Kazuki1450/Qwen3-1.7B-Base_csum_6_10_rel_10_1p0_0p0_1p0_grpo_2_rule is a 2 billion parameter language model fine-tuned from Qwen/Qwen3-1.7B-Base. This model was trained using the GRPO method, which is designed to enhance mathematical reasoning capabilities. It is optimized for tasks requiring advanced mathematical problem-solving and logical deduction, building upon the Qwen3 architecture with a 40960 token context length.
Loading preview...
Model Overview
This model, Kazuki1450/Qwen3-1.7B-Base_csum_6_10_rel_10_1p0_0p0_1p0_grpo_2_rule, is a specialized fine-tuned version of the Qwen3-1.7B-Base model. It incorporates a 2 billion parameter architecture and supports an extensive context length of 40960 tokens, making it suitable for processing longer inputs.

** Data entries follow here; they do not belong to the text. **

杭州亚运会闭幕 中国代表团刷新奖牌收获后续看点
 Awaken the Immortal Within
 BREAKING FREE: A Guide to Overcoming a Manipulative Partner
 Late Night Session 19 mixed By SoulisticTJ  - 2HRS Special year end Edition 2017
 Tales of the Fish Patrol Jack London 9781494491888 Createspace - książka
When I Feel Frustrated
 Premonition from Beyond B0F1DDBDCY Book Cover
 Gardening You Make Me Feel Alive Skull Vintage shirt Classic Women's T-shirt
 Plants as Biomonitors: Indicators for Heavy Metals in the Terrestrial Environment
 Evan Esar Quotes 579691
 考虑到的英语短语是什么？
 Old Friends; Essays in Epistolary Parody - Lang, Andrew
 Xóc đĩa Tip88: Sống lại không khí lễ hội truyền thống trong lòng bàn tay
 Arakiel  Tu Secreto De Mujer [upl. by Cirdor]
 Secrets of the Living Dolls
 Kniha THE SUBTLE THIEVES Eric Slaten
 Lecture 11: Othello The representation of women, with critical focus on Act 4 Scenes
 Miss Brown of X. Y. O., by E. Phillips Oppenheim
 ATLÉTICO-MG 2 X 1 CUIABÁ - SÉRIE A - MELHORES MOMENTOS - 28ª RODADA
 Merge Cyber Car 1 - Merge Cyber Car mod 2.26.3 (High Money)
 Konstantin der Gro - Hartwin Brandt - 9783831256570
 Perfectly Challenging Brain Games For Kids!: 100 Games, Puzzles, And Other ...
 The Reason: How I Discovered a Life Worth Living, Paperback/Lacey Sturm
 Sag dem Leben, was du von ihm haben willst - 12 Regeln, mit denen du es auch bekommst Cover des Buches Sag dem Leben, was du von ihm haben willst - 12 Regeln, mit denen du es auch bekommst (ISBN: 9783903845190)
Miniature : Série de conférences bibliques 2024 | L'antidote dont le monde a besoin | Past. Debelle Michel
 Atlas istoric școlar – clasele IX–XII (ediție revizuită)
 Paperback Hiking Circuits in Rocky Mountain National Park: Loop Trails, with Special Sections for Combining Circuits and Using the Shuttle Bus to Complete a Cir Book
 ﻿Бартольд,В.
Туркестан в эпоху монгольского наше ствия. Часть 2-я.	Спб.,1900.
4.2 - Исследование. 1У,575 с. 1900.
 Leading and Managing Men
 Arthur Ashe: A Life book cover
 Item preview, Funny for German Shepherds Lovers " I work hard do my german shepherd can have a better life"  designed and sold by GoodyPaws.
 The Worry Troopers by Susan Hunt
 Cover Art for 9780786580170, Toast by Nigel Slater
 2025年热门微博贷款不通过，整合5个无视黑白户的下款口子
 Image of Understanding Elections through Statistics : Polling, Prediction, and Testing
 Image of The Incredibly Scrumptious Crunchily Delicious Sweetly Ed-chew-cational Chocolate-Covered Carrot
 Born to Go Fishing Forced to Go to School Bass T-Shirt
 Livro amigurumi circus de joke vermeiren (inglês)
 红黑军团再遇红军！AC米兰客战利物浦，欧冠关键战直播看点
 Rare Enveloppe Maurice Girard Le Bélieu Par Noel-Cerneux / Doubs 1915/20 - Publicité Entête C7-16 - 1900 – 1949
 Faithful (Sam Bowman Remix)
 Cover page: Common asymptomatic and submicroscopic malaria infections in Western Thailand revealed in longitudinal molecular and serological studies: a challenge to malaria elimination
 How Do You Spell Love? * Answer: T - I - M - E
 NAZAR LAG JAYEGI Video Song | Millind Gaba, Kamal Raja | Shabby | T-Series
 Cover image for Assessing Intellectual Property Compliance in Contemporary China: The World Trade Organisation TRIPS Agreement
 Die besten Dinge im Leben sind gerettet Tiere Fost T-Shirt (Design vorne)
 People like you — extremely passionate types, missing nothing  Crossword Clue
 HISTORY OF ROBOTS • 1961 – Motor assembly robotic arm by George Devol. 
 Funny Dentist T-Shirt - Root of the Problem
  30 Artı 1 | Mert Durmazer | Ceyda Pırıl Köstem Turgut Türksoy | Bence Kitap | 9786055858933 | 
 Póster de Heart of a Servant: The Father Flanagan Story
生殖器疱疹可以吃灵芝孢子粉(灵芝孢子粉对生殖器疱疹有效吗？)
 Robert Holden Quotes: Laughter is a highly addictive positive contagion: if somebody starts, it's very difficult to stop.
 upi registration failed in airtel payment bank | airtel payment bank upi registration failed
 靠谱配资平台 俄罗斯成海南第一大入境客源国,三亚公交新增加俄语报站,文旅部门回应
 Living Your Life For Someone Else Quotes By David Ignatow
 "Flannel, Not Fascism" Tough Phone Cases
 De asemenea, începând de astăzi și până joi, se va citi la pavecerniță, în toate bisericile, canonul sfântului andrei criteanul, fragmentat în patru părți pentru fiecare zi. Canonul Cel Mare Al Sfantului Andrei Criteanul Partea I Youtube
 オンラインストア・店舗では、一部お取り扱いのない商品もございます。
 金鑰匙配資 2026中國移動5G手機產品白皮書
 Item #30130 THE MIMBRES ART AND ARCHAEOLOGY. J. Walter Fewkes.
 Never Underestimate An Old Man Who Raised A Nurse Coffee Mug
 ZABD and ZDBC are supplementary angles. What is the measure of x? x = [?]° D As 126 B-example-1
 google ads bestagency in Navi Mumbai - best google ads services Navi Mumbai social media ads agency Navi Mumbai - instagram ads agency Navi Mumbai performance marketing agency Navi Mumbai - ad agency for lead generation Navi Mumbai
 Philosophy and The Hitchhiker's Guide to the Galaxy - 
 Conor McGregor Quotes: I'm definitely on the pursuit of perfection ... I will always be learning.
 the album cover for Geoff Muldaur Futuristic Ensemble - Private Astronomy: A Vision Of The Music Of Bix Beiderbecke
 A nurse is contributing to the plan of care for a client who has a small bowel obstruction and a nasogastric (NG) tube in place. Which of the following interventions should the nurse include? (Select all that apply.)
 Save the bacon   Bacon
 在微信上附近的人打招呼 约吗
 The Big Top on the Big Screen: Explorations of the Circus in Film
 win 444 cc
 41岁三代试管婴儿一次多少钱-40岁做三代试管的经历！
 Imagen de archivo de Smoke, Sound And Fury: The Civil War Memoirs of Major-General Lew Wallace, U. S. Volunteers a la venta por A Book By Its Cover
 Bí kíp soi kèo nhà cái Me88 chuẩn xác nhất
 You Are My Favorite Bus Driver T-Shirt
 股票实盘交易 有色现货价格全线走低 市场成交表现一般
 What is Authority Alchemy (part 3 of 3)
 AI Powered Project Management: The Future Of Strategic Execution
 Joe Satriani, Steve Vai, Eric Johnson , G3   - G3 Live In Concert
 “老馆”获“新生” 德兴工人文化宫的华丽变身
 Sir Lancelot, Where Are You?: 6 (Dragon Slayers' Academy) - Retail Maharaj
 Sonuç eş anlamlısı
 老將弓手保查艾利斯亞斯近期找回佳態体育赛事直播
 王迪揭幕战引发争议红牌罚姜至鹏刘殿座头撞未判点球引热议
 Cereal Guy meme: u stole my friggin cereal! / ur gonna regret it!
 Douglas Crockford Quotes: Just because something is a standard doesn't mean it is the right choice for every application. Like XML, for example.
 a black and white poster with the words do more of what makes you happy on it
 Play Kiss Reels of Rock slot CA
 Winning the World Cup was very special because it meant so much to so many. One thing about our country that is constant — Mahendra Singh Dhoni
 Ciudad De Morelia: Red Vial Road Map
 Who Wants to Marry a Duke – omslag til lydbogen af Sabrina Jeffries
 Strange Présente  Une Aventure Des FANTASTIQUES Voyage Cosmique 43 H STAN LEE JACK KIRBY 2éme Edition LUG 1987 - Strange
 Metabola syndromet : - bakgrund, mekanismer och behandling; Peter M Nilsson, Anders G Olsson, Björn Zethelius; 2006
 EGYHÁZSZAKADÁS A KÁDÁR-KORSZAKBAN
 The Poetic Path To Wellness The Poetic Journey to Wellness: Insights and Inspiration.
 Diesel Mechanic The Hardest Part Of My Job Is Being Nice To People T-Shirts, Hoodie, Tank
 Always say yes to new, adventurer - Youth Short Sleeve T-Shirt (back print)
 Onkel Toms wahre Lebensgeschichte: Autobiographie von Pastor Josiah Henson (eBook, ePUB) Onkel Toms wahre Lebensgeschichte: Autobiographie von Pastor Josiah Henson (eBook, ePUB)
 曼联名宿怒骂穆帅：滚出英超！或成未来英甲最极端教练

Key Differentiator: GRPO Training
The primary distinction of this model lies in its training methodology. It was fine-tuned using the GRPO (Gradient-based Reasoning Policy Optimization) method, as introduced in the research paper "DeepSeekMath: Pushing the Limits of Mathematical Reasoning in Open Language Models". This technique is specifically designed to improve a model's ability in mathematical reasoning and complex problem-solving.
Training Details
- Base Model: Qwen/Qwen3-1.7B-Base
- Training Framework: TRL (Transformer Reinforcement Learning) version 0.23.0
- Core Method: GRPO, focused on enhancing mathematical reasoning.
Potential Use Cases
Given its GRPO-enhanced training, this model is particularly well-suited for applications requiring:
- Mathematical problem-solving
- Logical reasoning tasks
- Scientific computing assistance
- Educational tools for math and logic
Developers can quickly integrate this model using the provided transformers pipeline for text generation tasks, especially those benefiting from improved reasoning capabilities.